## Items from a dataset
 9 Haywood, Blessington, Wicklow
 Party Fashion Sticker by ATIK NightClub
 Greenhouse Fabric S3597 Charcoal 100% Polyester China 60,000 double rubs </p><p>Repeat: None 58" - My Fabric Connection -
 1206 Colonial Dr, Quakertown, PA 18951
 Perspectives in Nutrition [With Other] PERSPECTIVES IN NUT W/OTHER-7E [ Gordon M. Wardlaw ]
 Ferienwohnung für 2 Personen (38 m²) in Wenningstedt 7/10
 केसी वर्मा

## The task
In the records above, retype exactly the lines from the one with "Perspectives in Nutrition" through the last one.

## Exercise answer
 Perspectives in Nutrition [With Other] PERSPECTIVES IN NUT W/OTHER-7E [ Gordon M. Wardlaw ]
 Ferienwohnung für 2 Personen (38 m²) in Wenningstedt 7/10
 केसी वर्मा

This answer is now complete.